Though pay TV subscribers were in decline well before COVID-19, MoffettNathanson principal and senior analyst Craig Moffett said in a research report, the pandemic has helped accelerate the fall. While some point to a lack of live sports programming as professional and college sports all suspended or canceled their seasons, Moffett wasn’t too optimistic those lost customers would return when live games resume.
“Does anyone think that when sports come back those customers will return to pay TV (either traditional or vMVPD)?” Moffett asked. “We doubt it. The underlying causes for the defections are not transitory. The transitory factors are just pulling forward the defections.”
Retrans and cable network affiliate-fee growth will continue to decline over the next three years, Moffett predicted, as pay TV customers cut the cord. In his report, he estimated retrans growth would drop to 14% in 2020 from 17% in 2019 and to 7% by 2023. Affiliate-fee growth, at about 3% in 2019, would slow to 1% in 2020 and to minus 1% by 2023, according to Moffett.
At Kagan, a research unit of S&P Global Market Intelligence, senior research analyst Justin Nielson also predicted that faster declines in video subscriber growth would have an effect on retrans. In his “bear case” scenario — estimating traditional subscribers decline by 12% for the year and vMVPDs gain 8% — gross retrans and virtual subscriber fees would fall 3% to $12 billion in 2020.
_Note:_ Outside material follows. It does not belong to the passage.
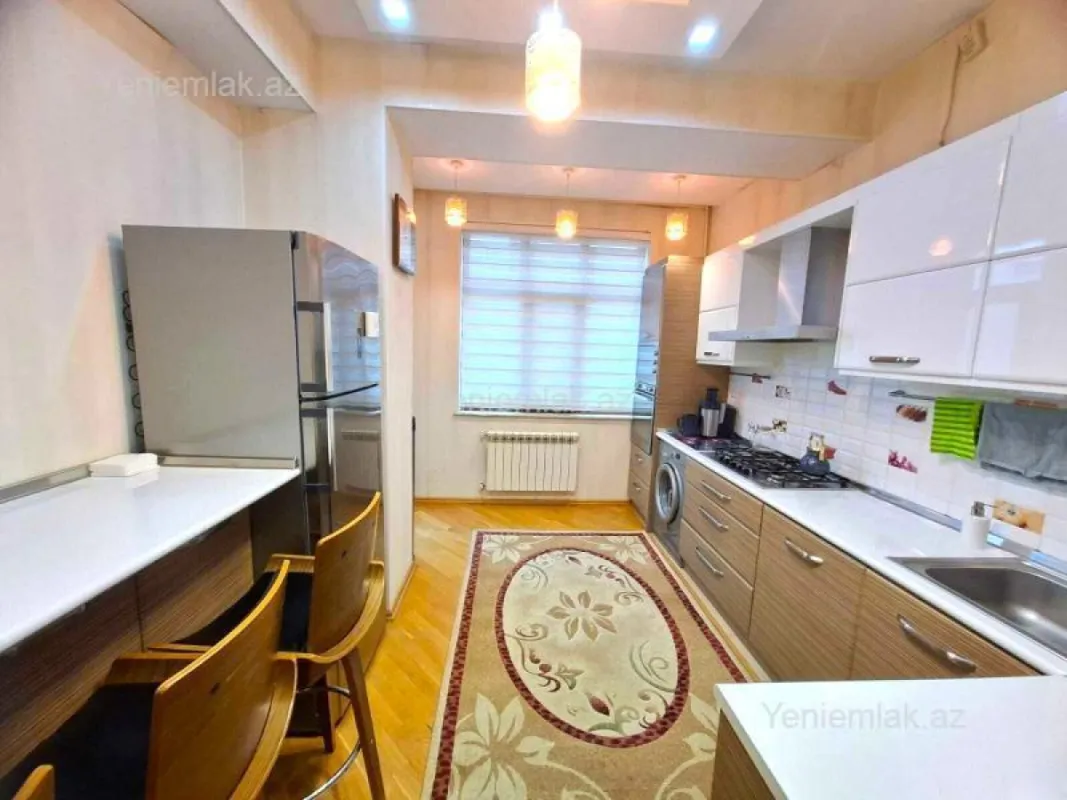 Satılır 3 otaqlı yeni tikili 130 m²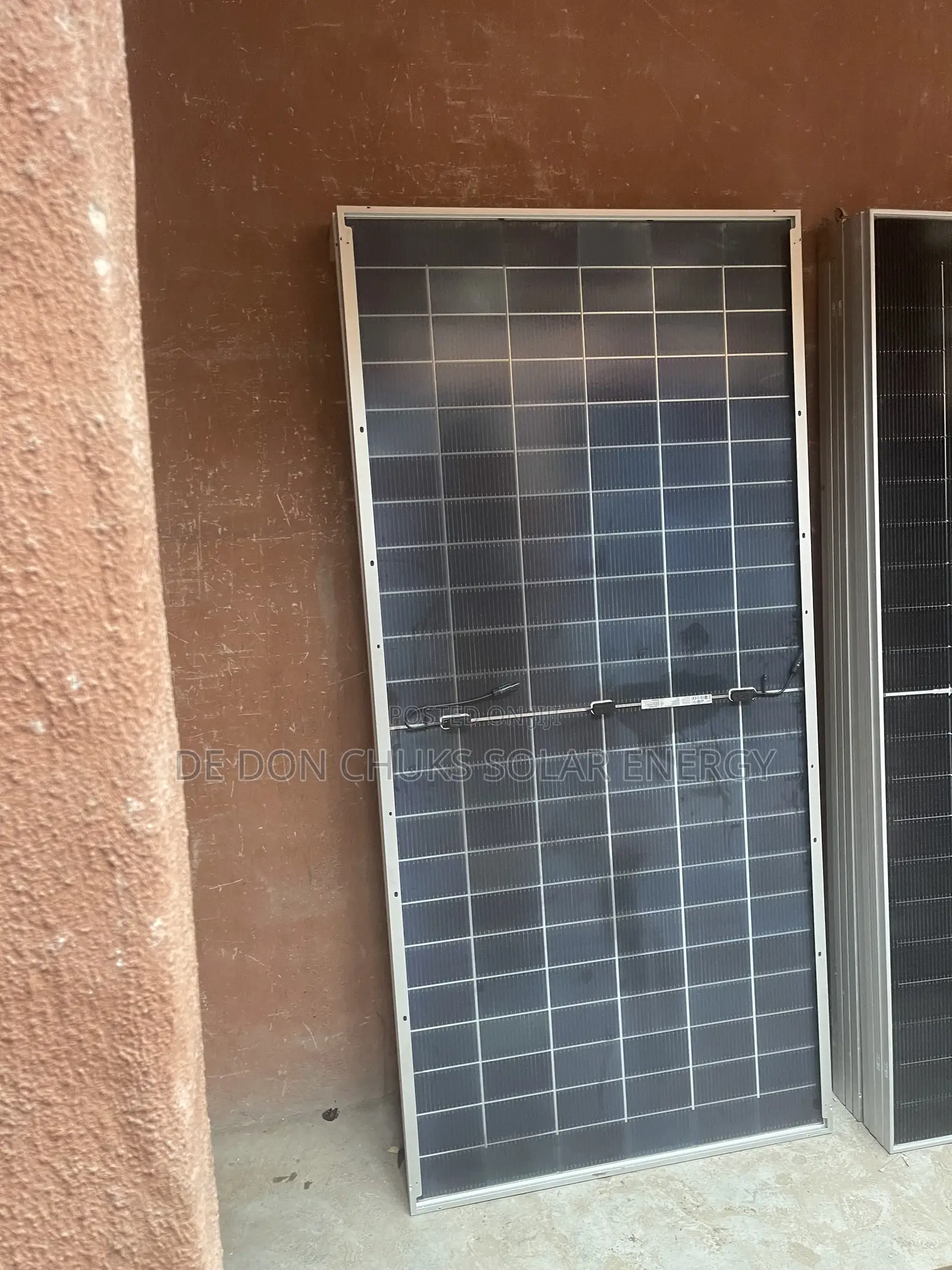 650w Jinko Solar Panel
In Kagan’s “middle of the road” scenario, where MVPDs decline 10% and vMVPDs rise 12%, retrans and virtual subscriber fees would be relatively flat at $12.6 billion in 2020. The “bull case” — less likely with the recent results — predicted that retrans revenue would grow 6% and traditional pay TV subscribers would fall 8% as live sports returns and people return to work.
The pandemic has made it difficult to predict the future, with every major cable network and broadcaster having pulled back prior guidance for the year. But Kagan’s Nielson said broadcasters may fare better because many of them had struck multi-year deals before the pandemic hit.
At Nexstar Media Group, the largest broadcaster in the country with 196 stations, chairman CEO Perry Sook said on a Q1 analyst call that Nexstar has modeled out pay TV subscriber attrition into overall projections and, so far, they have come in better than assumptions.
“So it is not like sub declines are sneaking up on anybody here,” Sook said on the May 6 call.
There could be some concerns that consumers would drop pay TV subscriptions because they can’t pay for them, Sook said. But that isn’t a factor now, because most distributors have pledged not to disconnect for nonpayment for at least the next few months.
At Sinclair Broadcast Group, which owns more than 190 TV stations and 23 regional sports networks across the country, the situation is a little dicier.
Retrans revenue for Sinclair was up 11% in the period to $355 million, about even with the 11.5% gain in the 2019 quarter. In a research note, Wells Fargo Securities analyst Steven Cahall estimated that Sinclair’s retrans revenue would be up about 5% for the year.
Sinclair’s High Exposure
Cahall downgraded Sinclair to “underweight” on May 4, based on its high exposure to affiliate fees and retrans: 68% of total revenue comes from those sources, compared to 50% for Nexstar.
“A recession will likely exacerbate cord-cutting,” Cahall wrote in his downgrade note, adding that retrans growth could be lower because of a need to secure carriage for the RSNs.
“We think rates could trend towards the lower end of the broadcast peer group in part because we think [Sinclair] may be less aggressive on retrans with MVPDs in order to support RSN carriage with MVPDs,” Cahall wrote. “This would be throwing good money after bad, in our view.”